SUMMARY OF THE INVENTION

The present invention is directed toward methods and apparatuses for sealing components of a high pressure pump having a reciprocating plunger. The apparatus may include a cylinder having a cylinder wall with at least one opening, an elongated plunger extending through the opening, and a spring disposed about the plunger. The spring may have an inner surface facing toward the plunger and an outer surface facing away from the plunger. The assembly may further comprise a seal having a sealing surface that seals against the plunger and an engaging surface that engages at least one of the inner and outer surfaces of the spring to restrict lateral motion of the spring relative to the plunger.

The seal may have several shapes. For example, the seal may include a continuous flange that extends around to the circumference of the spring. Alternatively, the seal may include a plurality of spaced-apart projections that engage the spring. In a further embodiment, the flange may have a first engaging surface adjacent the inner surface of the spring and a second engagement surface adjacent the outer surface of the spring.

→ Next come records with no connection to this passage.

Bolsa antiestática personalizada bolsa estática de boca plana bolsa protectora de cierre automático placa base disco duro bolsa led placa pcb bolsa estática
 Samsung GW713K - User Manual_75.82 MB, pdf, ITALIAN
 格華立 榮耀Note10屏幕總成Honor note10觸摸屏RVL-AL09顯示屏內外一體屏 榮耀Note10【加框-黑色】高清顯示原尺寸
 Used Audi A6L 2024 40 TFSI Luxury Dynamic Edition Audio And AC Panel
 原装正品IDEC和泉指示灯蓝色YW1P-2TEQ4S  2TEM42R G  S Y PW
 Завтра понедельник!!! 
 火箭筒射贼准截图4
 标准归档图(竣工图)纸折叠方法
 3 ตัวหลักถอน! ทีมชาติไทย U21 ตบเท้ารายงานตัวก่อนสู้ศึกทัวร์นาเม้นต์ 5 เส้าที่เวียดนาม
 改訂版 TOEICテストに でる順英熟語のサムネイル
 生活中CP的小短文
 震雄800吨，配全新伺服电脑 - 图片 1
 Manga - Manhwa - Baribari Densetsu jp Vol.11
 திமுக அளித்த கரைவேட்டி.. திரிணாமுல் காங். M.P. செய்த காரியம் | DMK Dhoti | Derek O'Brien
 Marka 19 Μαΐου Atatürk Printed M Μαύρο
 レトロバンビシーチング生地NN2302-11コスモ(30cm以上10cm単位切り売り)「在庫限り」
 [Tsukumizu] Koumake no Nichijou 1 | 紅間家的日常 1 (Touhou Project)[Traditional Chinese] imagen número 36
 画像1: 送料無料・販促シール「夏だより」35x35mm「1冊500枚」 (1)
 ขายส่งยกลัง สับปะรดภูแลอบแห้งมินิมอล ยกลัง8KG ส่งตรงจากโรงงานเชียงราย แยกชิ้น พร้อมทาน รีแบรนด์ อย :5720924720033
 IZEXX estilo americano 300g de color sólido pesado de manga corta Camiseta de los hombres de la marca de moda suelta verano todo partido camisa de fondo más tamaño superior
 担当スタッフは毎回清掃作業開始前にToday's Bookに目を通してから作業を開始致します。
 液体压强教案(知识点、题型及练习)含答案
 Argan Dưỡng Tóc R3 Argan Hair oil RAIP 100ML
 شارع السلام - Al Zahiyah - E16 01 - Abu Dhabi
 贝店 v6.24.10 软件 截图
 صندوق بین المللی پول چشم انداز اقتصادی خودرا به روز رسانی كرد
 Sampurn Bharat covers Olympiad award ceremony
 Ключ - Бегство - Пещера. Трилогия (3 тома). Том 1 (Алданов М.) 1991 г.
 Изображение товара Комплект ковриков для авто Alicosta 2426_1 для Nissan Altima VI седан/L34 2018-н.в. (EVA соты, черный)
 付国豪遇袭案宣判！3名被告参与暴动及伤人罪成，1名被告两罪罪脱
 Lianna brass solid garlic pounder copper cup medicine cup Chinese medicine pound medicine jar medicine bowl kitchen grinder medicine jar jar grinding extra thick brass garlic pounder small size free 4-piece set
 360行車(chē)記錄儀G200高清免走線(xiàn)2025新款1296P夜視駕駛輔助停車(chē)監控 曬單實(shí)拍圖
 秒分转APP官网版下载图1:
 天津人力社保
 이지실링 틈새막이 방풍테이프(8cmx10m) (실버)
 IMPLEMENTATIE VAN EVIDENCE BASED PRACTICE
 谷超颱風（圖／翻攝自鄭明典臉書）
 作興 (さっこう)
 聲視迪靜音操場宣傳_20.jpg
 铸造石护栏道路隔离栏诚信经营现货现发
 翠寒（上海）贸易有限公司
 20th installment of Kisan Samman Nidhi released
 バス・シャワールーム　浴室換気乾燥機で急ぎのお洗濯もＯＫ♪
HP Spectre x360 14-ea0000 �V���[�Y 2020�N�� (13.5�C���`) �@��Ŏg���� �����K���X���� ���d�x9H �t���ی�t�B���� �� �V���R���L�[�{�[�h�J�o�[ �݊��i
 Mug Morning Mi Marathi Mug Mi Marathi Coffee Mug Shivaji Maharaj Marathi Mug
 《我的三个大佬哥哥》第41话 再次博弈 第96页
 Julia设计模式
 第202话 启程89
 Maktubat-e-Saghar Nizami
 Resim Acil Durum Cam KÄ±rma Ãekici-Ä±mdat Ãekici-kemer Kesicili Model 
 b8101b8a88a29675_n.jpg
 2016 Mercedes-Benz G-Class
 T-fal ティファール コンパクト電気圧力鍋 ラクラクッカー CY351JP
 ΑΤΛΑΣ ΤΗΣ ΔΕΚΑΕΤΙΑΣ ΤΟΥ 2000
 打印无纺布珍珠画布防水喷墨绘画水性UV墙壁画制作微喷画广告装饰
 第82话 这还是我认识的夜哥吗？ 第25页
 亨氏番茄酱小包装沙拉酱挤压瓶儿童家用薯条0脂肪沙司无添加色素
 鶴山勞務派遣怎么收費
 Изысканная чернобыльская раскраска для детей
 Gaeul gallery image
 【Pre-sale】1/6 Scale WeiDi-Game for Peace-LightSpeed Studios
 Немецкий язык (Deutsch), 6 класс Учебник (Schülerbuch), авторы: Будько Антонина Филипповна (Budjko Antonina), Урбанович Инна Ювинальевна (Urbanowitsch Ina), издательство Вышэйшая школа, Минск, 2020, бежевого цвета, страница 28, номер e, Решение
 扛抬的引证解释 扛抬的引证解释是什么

The present invention is also directed toward a method for restricting motion of a spring disposed about a plunger of a high pressure pump. The method may comprise sealably engaging a seal with the plunger, engaging the seal with at least one of the inner surface and the outer surface of the spring toward one end of the spring, and restricting lateral motion of the spring relative to the plunger. Alternatively, the method may include engaging both the inner and outer surfaces of the spring, and may further include engaging an opposite end of the spring. Where the spring is a coil spring, the method may include engaging a portion of one coil of the spring corresponding to half a diameter of a filament that comprises the spring, or may include engaging more than one coil of the spring.

BRIEF DESCRIPTION OF THE DRAWINGS

FIG. 1 is a partial cross-sectional plan view of a pump assembly having a seal carrier and seal in accordance with an embodiment of the invention.

FIG. 2 is an enlarged partial cross-sectional plan view of the seal and seal carrier illustrated in FIG. 1.

FIG. 3 is a detailed cross-sectional plan view of the seal carrier illustrated in FIGS. 1 and 2.

FIG. 4 is a partial cross-sectional plan view of a seal assembly having a seal that engages an outer surface of a spring in accordance with another embodiment of the invention.

FIG. 5 is a partial cross-sectional plan view of a seal assembly having a seal that engages an inner surface of a spring in accordance with still another embodiment of the invention.

FIG. 6 is a partial cross-sectional plan view of a seal assembly having a seal that engages inner and outer surfaces of a spring in accordance with yet another embodiment of the invention.

FIG. 7 is an isometric view of a seal having projections in accordance with still another embodiment of the invention.

FIG. 8 is a partial cross-sectional plan view of a seal assembly having a back-up ring in accordance with yet another embodiment of the invention.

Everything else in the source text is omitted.